Yes, if you include room and board into the equation it gets around $100k, but you don't get to not pay room and board by not going to university.
$65k is easily worth it if it increases your payback $10k/year over a 40 year career.
I agree that an apprentice system would be nice but having participated in an "apprentice like" training system for technical consultants it is MUCH harder to create such programs than you think.
In our case we are training people who already have college degrees and some programming experience. The rule of thumb is that we can't get them consistently billable for at least 4 months after hiring, they'll add overhead to projects for a year, and they won't pay back the cost of training them for at least 2 years. And that is with a well-structured and experienced program. How many businesses are willing to to deal with unproductive employees that long, even if they are potentially subsidized?
Loans can be at least partially discharged in bankruptcy, so that is incorrect.
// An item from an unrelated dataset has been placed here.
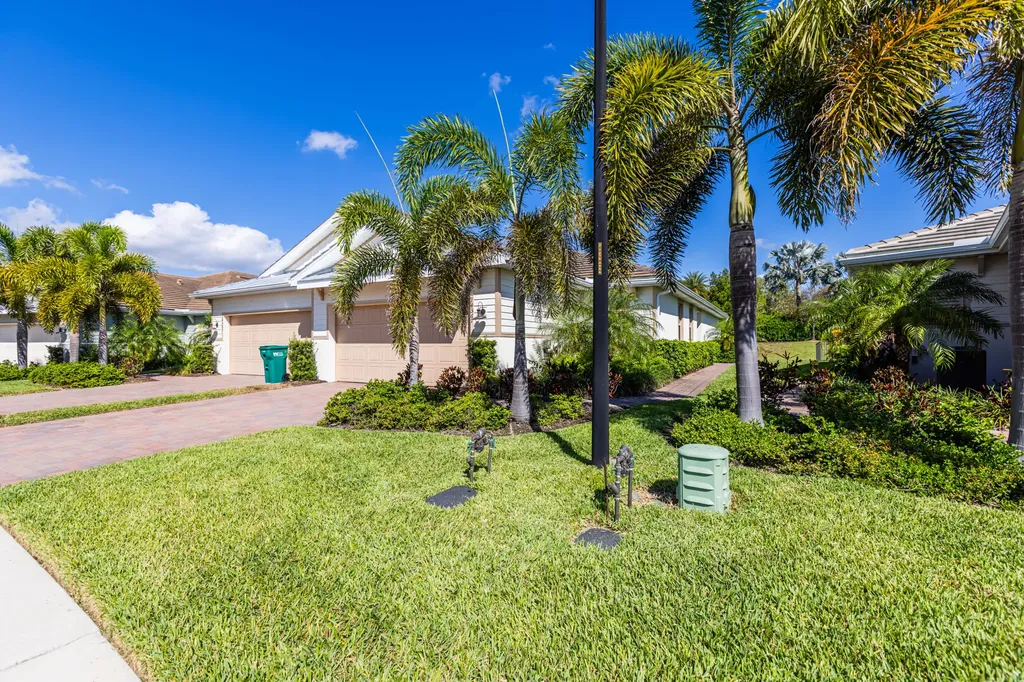 14567 Edgewater Circle Naples FL 34114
They are more stringent, but with the current public perception of college loans, judges are more likely to agree that the conditions this must meet are true.
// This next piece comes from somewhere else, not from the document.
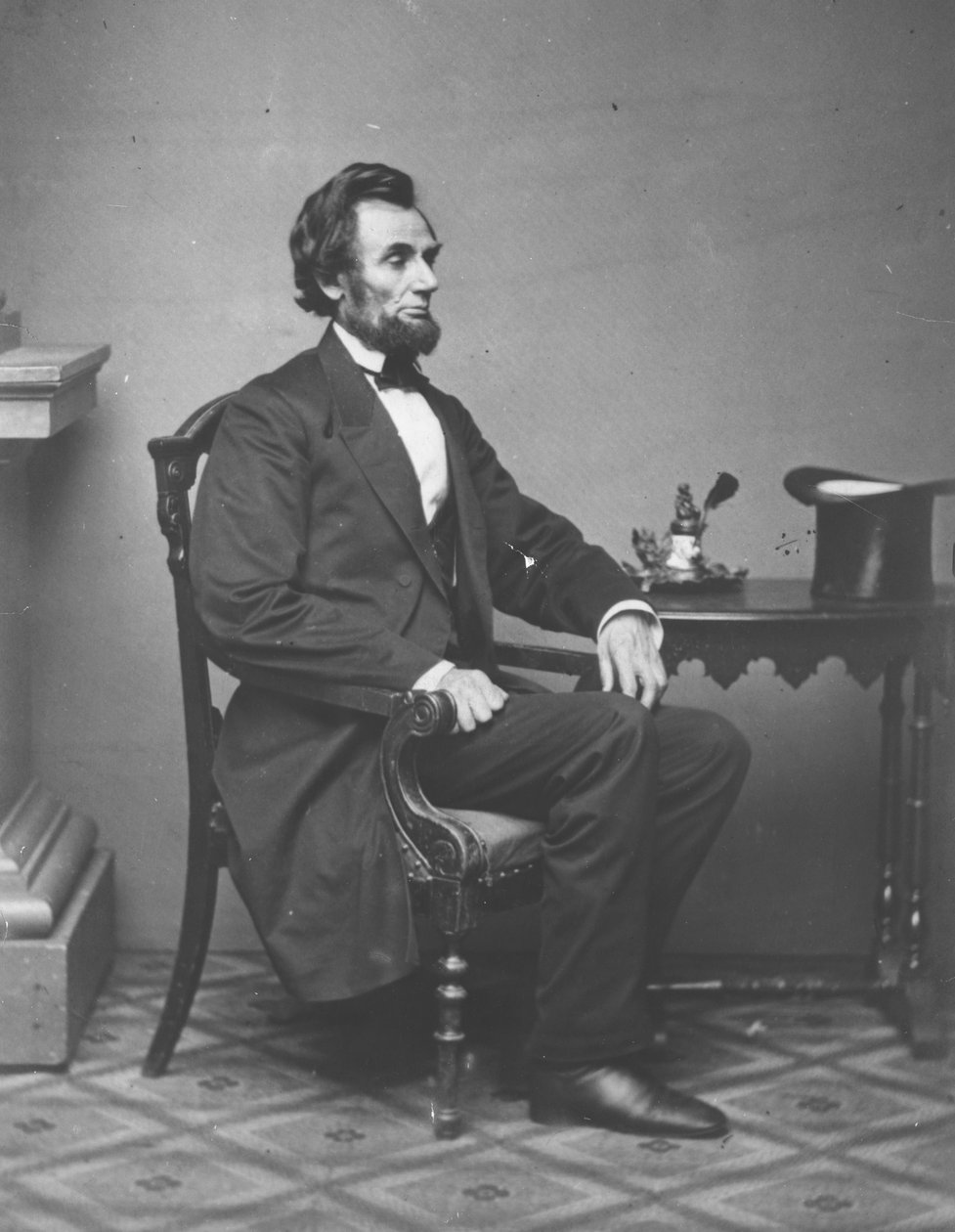Abraham Lincoln, portrett i full lengde, sittende, 1861 av Alexander Gardner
Secondly, college is free for a lot of people, as in some states anyone making less than $20k/yr goes to a state university for free. This isn't incredibly obvious, and some grants received may be relatively unknown, such as a grant from a college that's not on their website of $7k a year for low-income students.
You also can't generalize everyone's feelings. Some people aren't compatible with trades.
I would be so much more supportive of the recent trades push if it wasnt riddled with misinformation.
Saw a guy I knew in school post a pic where there were two people. On the left was a person who was clearly supposed to represent some sort of business man, perhaps and executive. The image claimed this man made made $120k per years and had $100k in student debt. On the right was a linemen. The image claimed there made $130k a year with 0 debt.
The average salary for a lineman? Decent, but definitely nowhere near $130k. Both BLS and Glassdoor have it around $65k. There seems to be some myth going around that certain trades are an instant path ot size figures. Sure, after many many years of experience, in a specialized trade and/or in an expensive state with strong union protections you can maybe make six figures, but most trade apprenticeships I've seen dont pay much better than entry level office admin jobs I see.